## [ASSIGNMENT]
When you reach the line in the listing below that contains "Lodi to Castel Rozzone map", begin returning lines exactly as written, and stop after the line that contains "Micro Ingredients paquete". Return no other lines.

===== LISTED RECORDS

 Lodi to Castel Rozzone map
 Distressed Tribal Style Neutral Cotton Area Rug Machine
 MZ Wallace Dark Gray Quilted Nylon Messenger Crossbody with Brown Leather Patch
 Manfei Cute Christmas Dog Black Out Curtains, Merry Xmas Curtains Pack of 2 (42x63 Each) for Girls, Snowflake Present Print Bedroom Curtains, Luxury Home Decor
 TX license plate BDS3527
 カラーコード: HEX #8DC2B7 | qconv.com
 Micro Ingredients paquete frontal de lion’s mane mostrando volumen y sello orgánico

==========
===== LISTED RECORDS

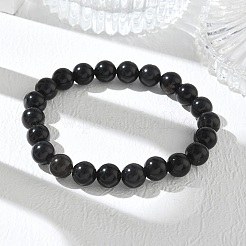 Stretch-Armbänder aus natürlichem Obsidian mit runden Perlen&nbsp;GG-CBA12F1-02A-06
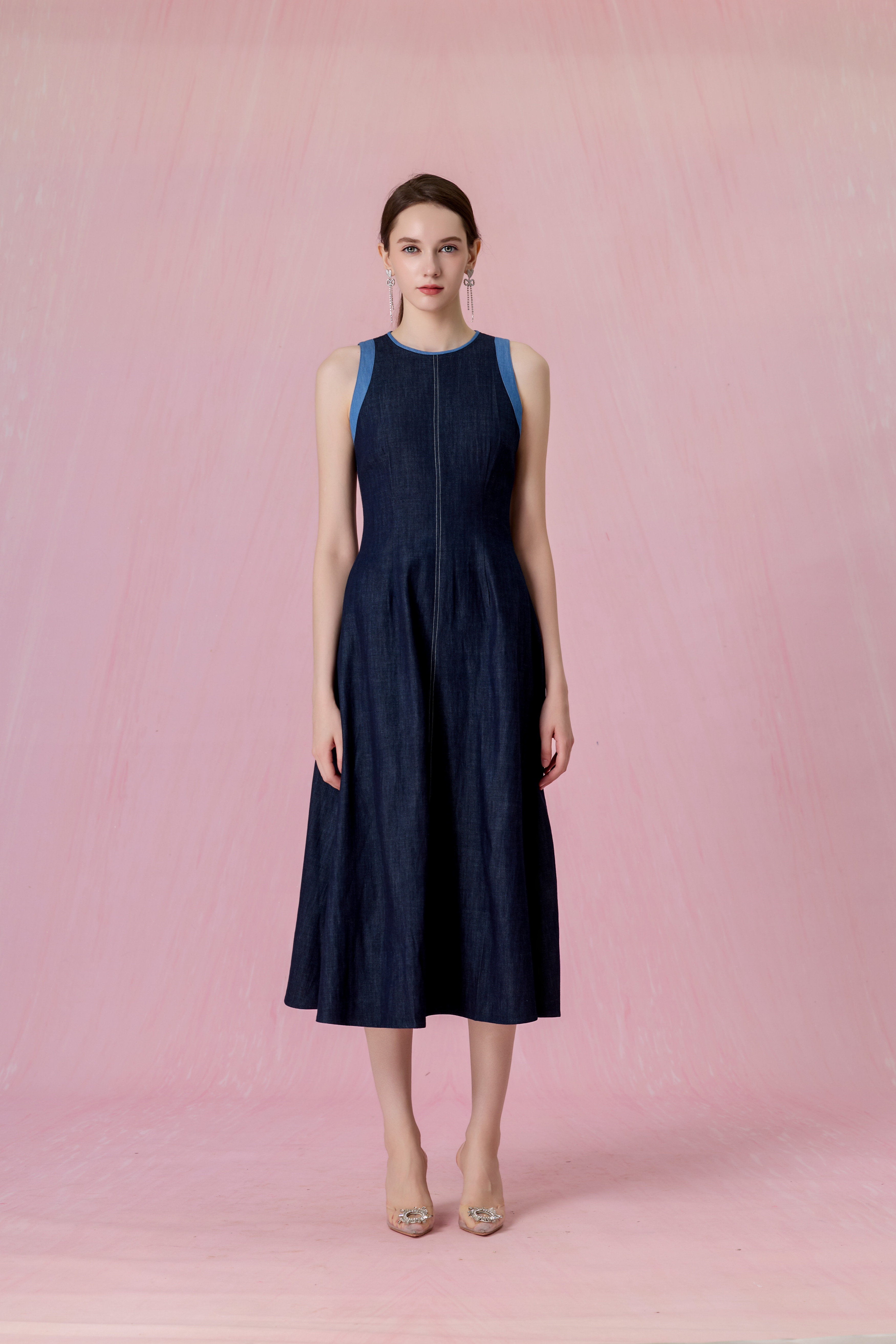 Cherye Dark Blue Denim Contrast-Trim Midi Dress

==========
===== LISTED RECORDS

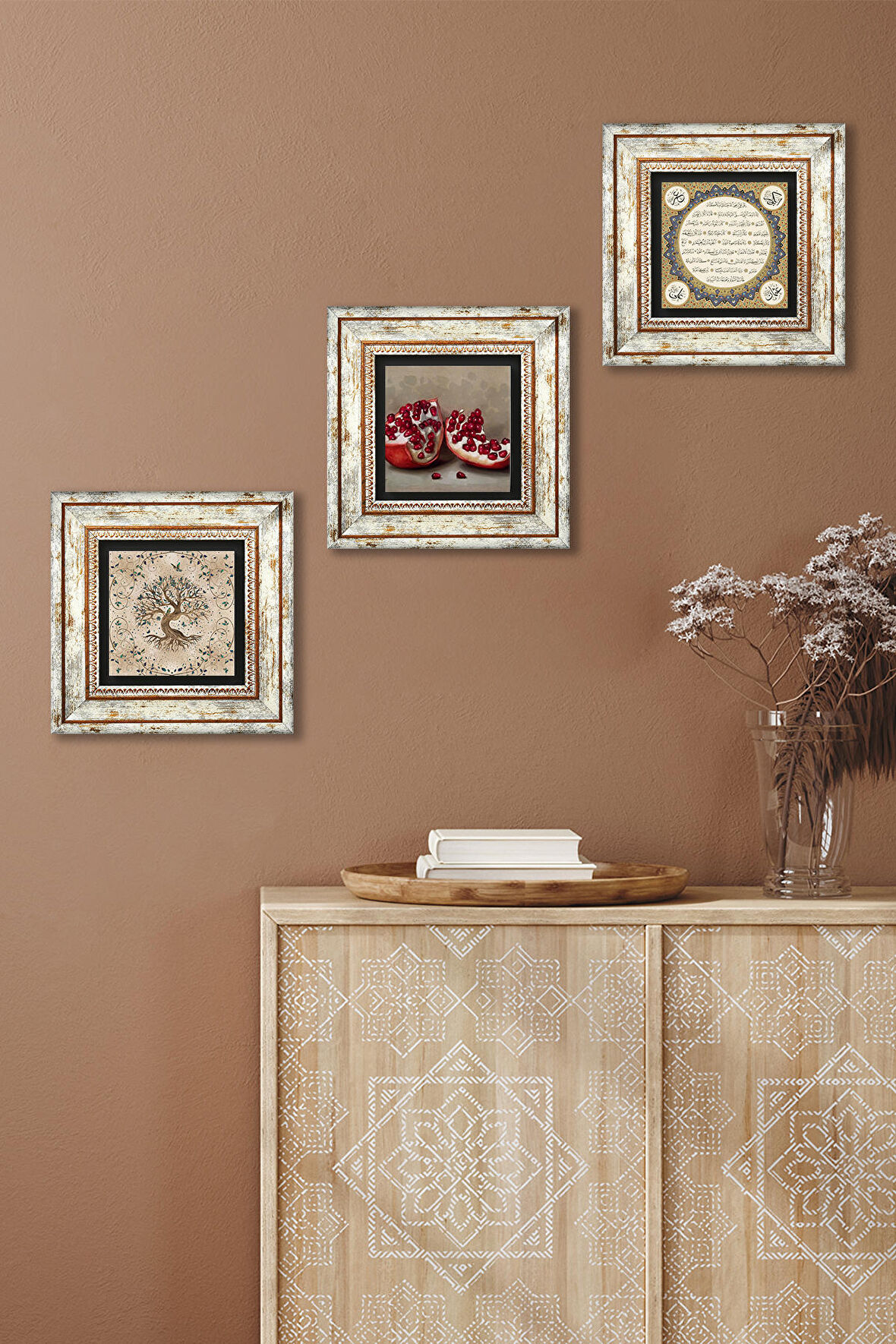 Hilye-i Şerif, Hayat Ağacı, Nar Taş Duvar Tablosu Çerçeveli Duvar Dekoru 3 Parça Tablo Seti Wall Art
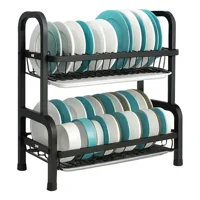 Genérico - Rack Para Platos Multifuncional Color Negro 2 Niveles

==========

## [ANSWER]
 Lodi to Castel Rozzone map
 Distressed Tribal Style Neutral Cotton Area Rug Machine
 MZ Wallace Dark Gray Quilted Nylon Messenger Crossbody with Brown Leather Patch
 Manfei Cute Christmas Dog Black Out Curtains, Merry Xmas Curtains Pack of 2 (42x63 Each) for Girls, Snowflake Present Print Bedroom Curtains, Luxury Home Decor
 TX license plate BDS3527
 カラーコード: HEX #8DC2B7 | qconv.com
 Micro Ingredients paquete frontal de lion’s mane mostrando volumen y sello orgánico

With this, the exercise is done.